[Crawled caption data]
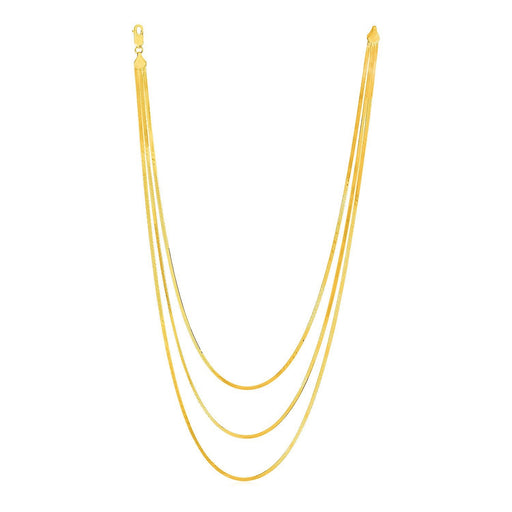 Bids.com 14k Yellow Gold Three Strand Herringbone Chain Necklace Necklaces White Smoke 16 / Yellow Gold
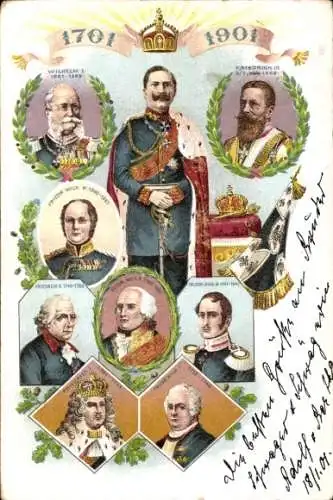 Litho Kaiser Wilhelm II., Könige von Preußen, 1701 bis 1901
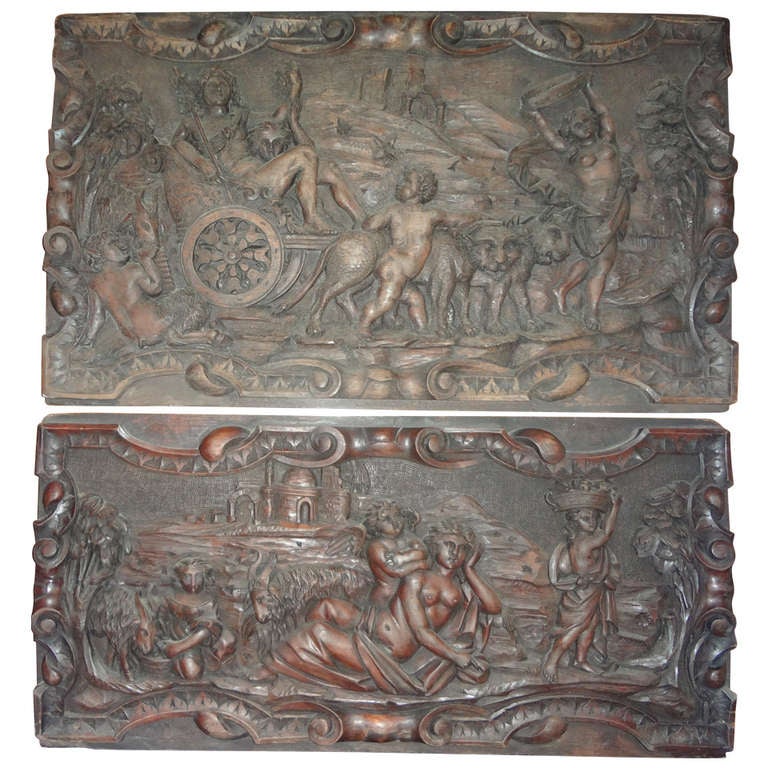 Pair Of Antique French Renaissance Style Relief Carved Wood Panels Pair Of Antique French Renaissance Style Relief Carved Wood Panels For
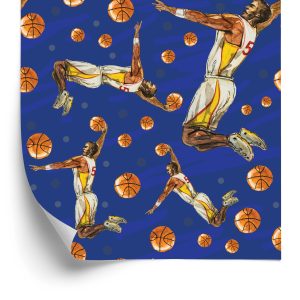 Behang Basketbalspelers Geschilderd Met Waterverf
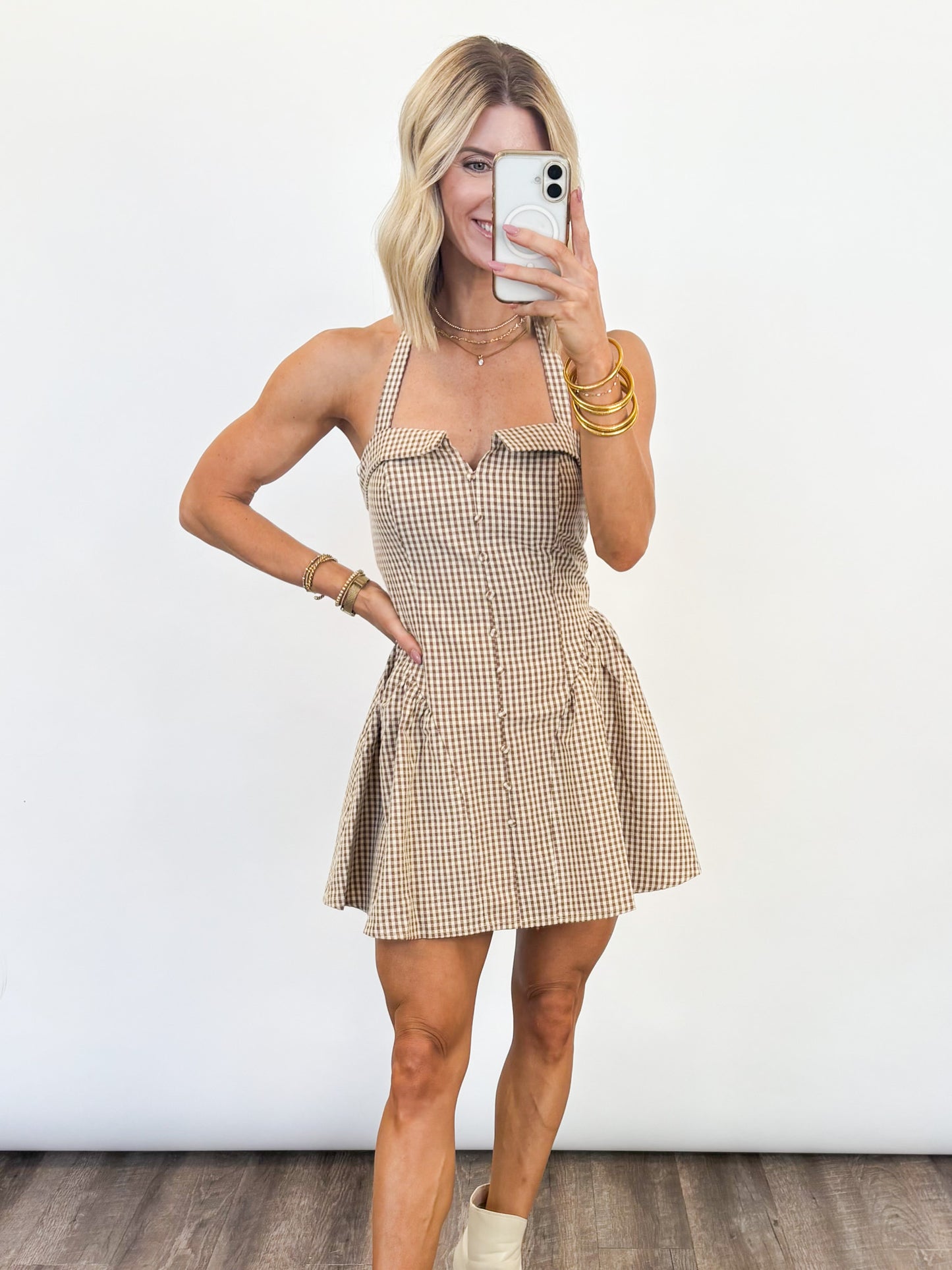Gingham Daydream Halter Dress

■ **About this exercise**
All entries must be output unchanged, with every picture omitted.

■ **Response area**
 Bids.com 14k Yellow Gold Three Strand Herringbone Chain Necklace Necklaces White Smoke 16 / Yellow Gold
 Litho Kaiser Wilhelm II., Könige von Preußen, 1701 bis 1901
 Pair Of Antique French Renaissance Style Relief Carved Wood Panels Pair Of Antique French Renaissance Style Relief Carved Wood Panels For
 Behang Basketbalspelers Geschilderd Met Waterverf
Gingham Daydream Halter Dress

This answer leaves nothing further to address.